I plan to take my Level 2 certification next season and am preparing myself with the research project in the meantime.

I came across a question that asked how does the following influence twist, tilt, pivot and pressure distribution:

1) width stance
2) angles
3) longitudinal placement (what is this - setback?)
4) forward-lean

Can anyone help?

I taught for 2 seasons on a part-time basis but am taking this winter off. I plan to return to teaching next year and so, meanwhile, decides to refresh myself with the technical aspect of snowboarding.

Thanks for helping.


----------



## jlm1976 (Feb 26, 2009)

The trick to answering that question is thinking about how those various stance settings effect your ability to move your body to make the board do the each of those things. Think about what would happen if you set each of those stance settings to the max and min while keeping the rest how you normally ride. 

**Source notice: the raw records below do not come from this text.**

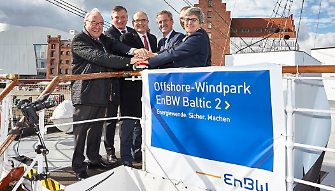 Offizielle Inbetriebnahme EnBW Baltic 2. Vlnr. Parlamentarischer Staatssekretär Uwe Beckmeyer, Boris Schucht, Vorsitzender der Geschäftsführung 50Hertz, Ministerpräsident Erwin Sellering, EnBW-Vorstandsvorsitzender Dr. Frank Mastiaux, Oberbürgermeister von Stralsund Dr. Alexander Badrow und Ministerin Silke Krebs / Pressebild: EnBW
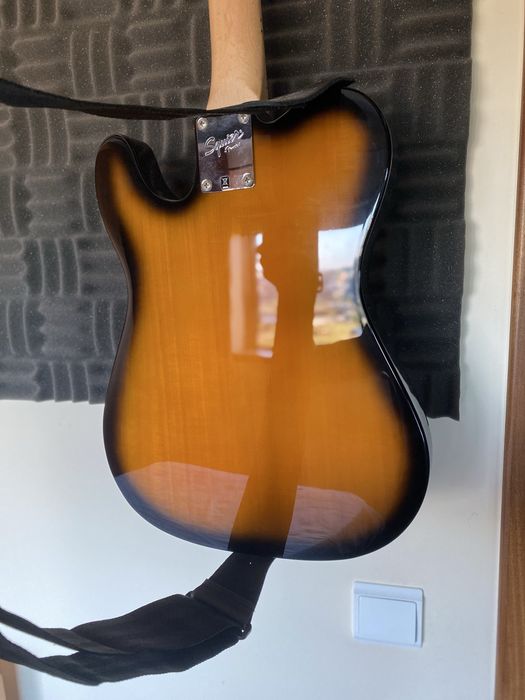 Squier Telecaster + Amplifcador Kustom Dart 10FX + Acessórios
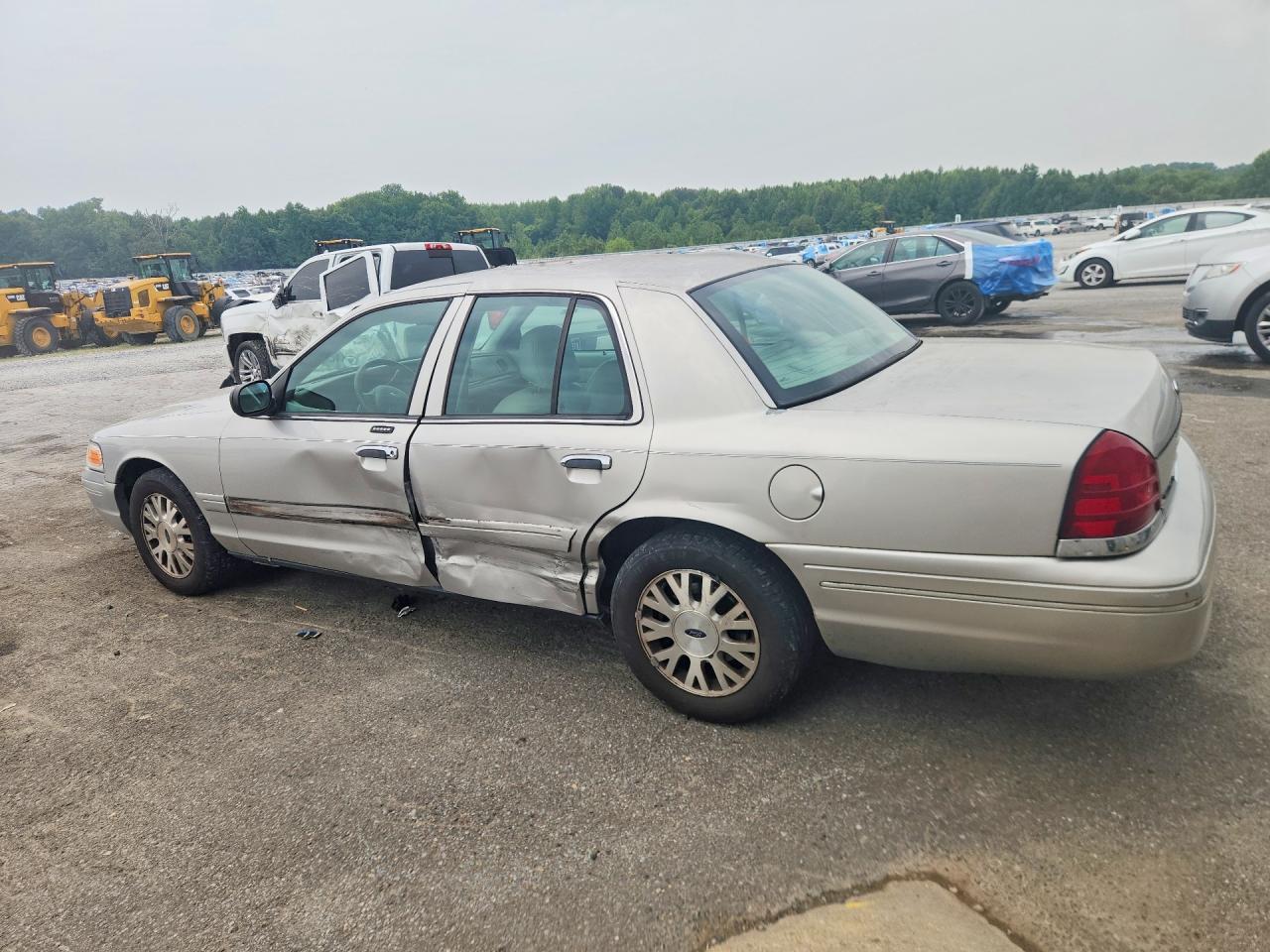 2004 Ford Crown Victoria Lx Silver vin: 2FAFP74W84X168706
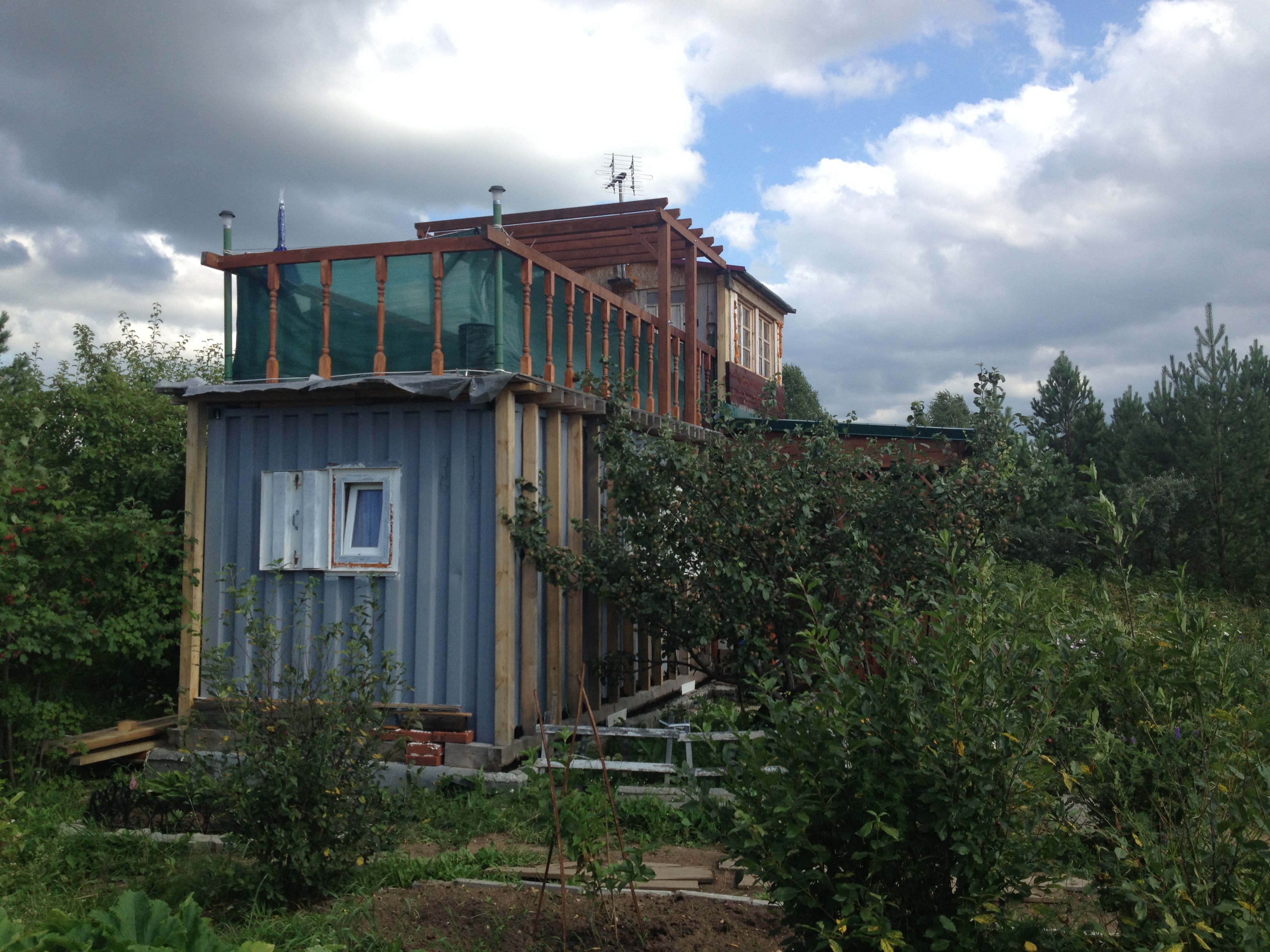 House from the container in the garden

For example, take stance width and pressure distribution. Set the stance width too wide and it's going to limit your range of motion in your knees and hips. This is going limit how much you can move your weight toward the tip or tail on the board. Doing the opposite, setting it really narrow is again going to inhibit how far you can move your weight towards the tip and tail for the same reason. 

Congrats on going for your level II(and thinking ahead, so few instructors do). This question will help you a ton with your pro-knowledge(at least in AASI-East, where I am). Out here, a big part of it is understanding how all the different ways we move our bodies affect the board(IE what are all the ways we can make the board tilt, twist, pivot, and bend and what are the pluses and minuses of each way). What division are you in? 
Also, have you tried posting this on the AASI forums at the national website? That is a great resource..


----------



## Guest (Jan 27, 2010)

michelle, with respect, you're not going to pass level ii by having others do your homework.

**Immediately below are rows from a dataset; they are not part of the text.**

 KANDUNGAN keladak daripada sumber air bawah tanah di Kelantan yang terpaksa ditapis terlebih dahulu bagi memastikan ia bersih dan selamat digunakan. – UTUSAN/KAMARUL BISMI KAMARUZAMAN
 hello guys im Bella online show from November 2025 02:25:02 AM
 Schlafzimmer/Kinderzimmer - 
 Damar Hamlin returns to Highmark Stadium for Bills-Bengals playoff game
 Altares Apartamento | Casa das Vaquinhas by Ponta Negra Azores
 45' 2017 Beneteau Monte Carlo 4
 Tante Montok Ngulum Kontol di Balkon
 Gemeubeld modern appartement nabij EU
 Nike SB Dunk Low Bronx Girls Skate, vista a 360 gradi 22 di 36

what's your answer to the question?

alasdair


----------



## Guest (Jan 27, 2010)

Hi Jlm1976, that is exactly the approach I am taking to answer the question. For each part, I intend to answer it with the effects caused by the 2 extremes, for example, a wide stance and a narrow stance, and then the ideal or the most efficient stance width for an individual.

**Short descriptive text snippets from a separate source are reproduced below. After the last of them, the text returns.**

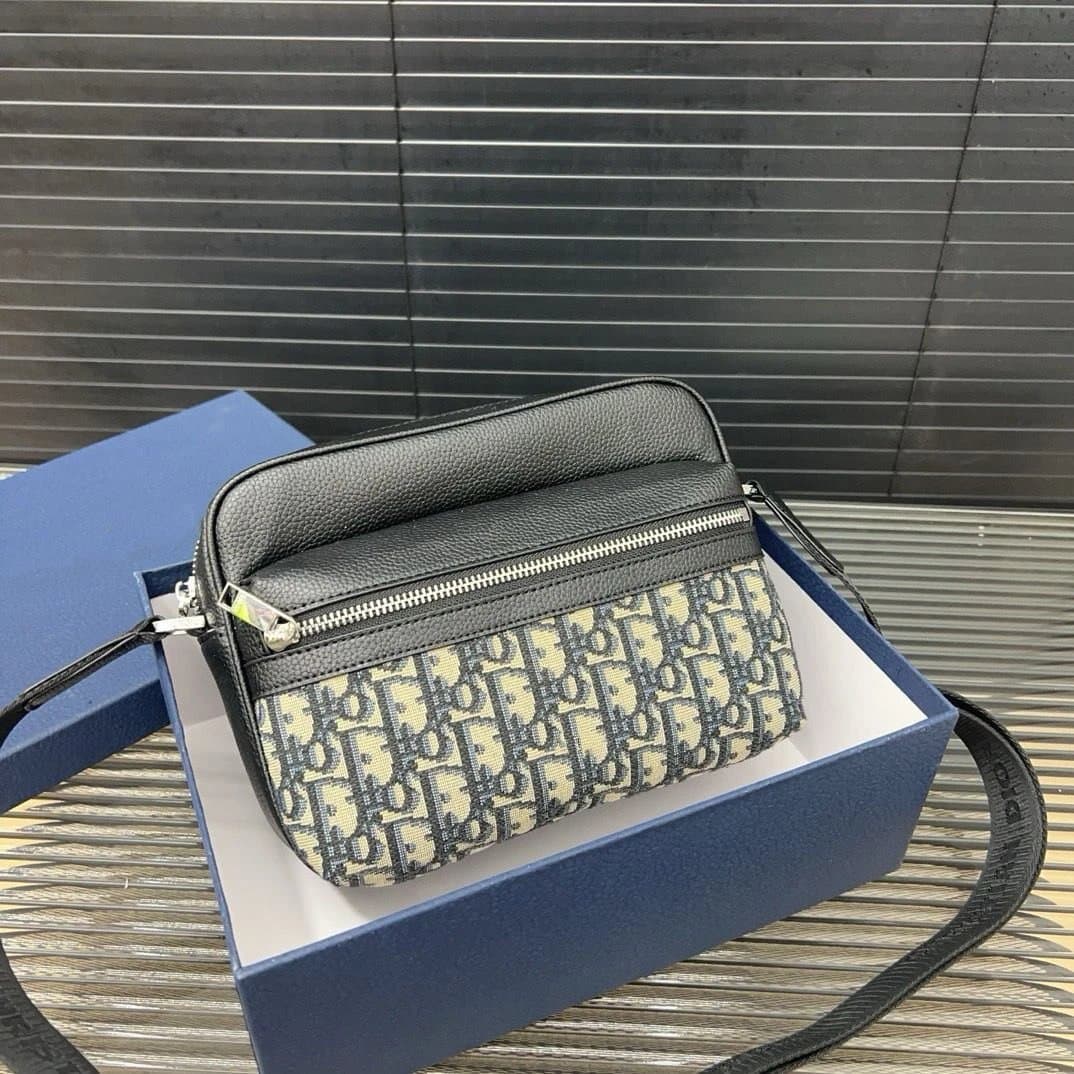 Dior B22 Crossbody Oblique Print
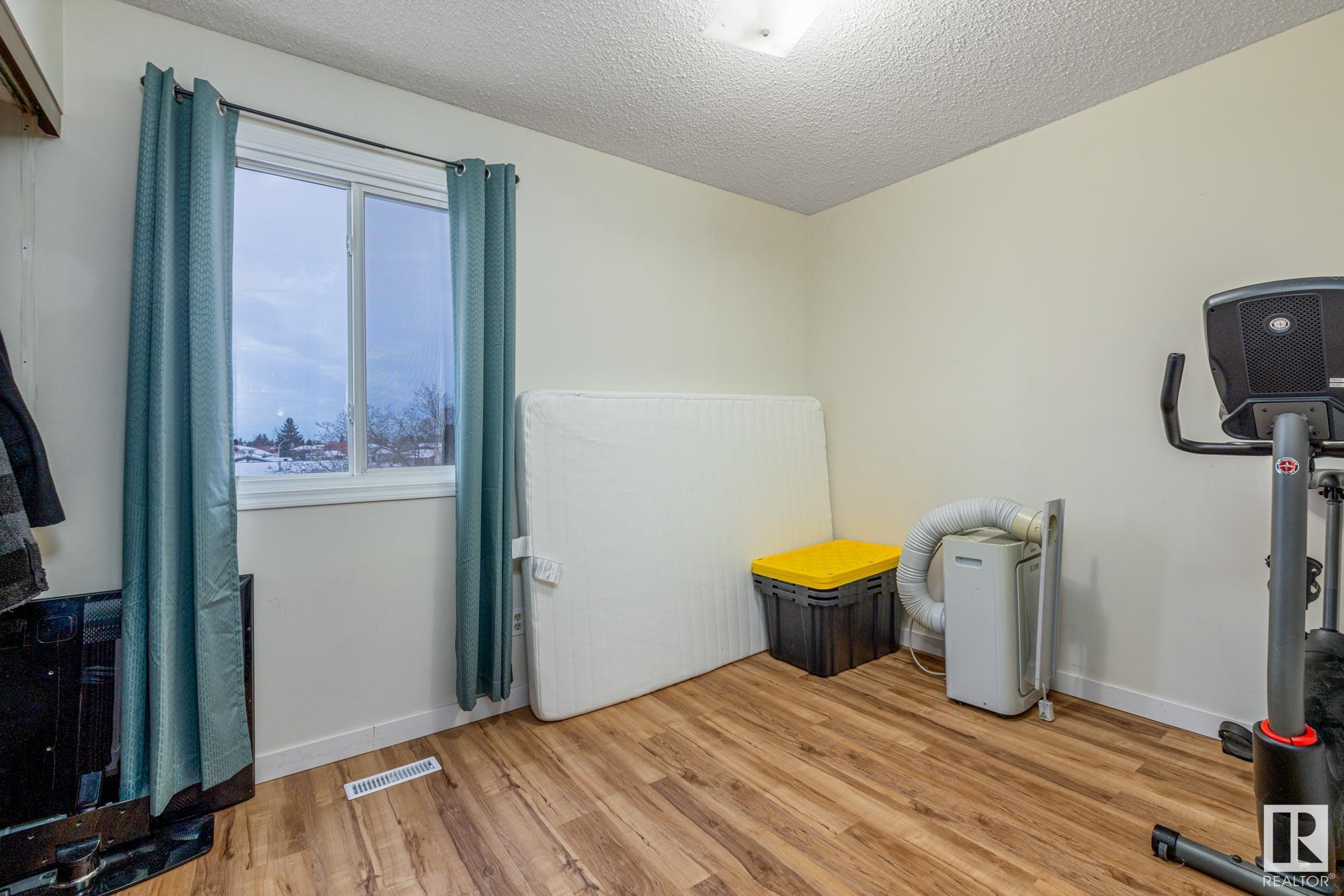      305 LANCASTER TC NW , Edmonton,  ,T5X 5T2 ;  Listing Number: MLS E4418595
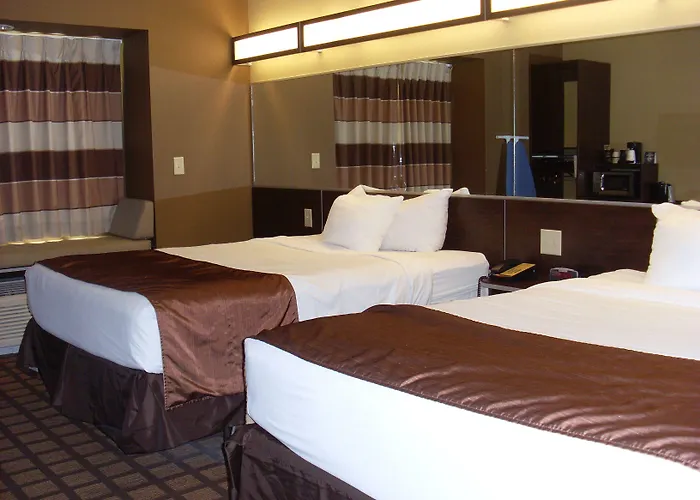 Microtel Inn & Suites By Wyndham Kenedy Karnes City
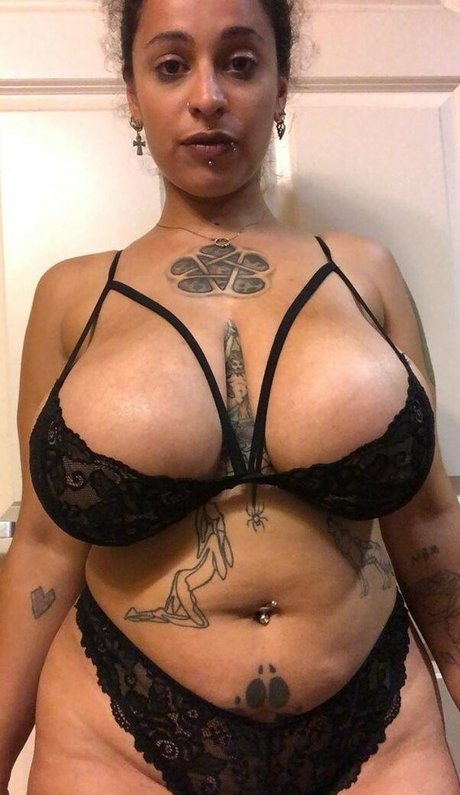 xxreesespieces model beautiful pic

I will be riding at Brian Head tomorrow and will be experimenting with each of the 4 parts required in the question. 

It will be a tiring day. There is a lot of removing and installing to be done with my bindings.

Thanks for helping.


----------



## jlm1976 (Feb 26, 2009)

*Good luck*

Good Luck Michelle...playing with all of this stuff on snow is a great way to get it all sorted out! I'm curious to hear what you find out! 
James


----------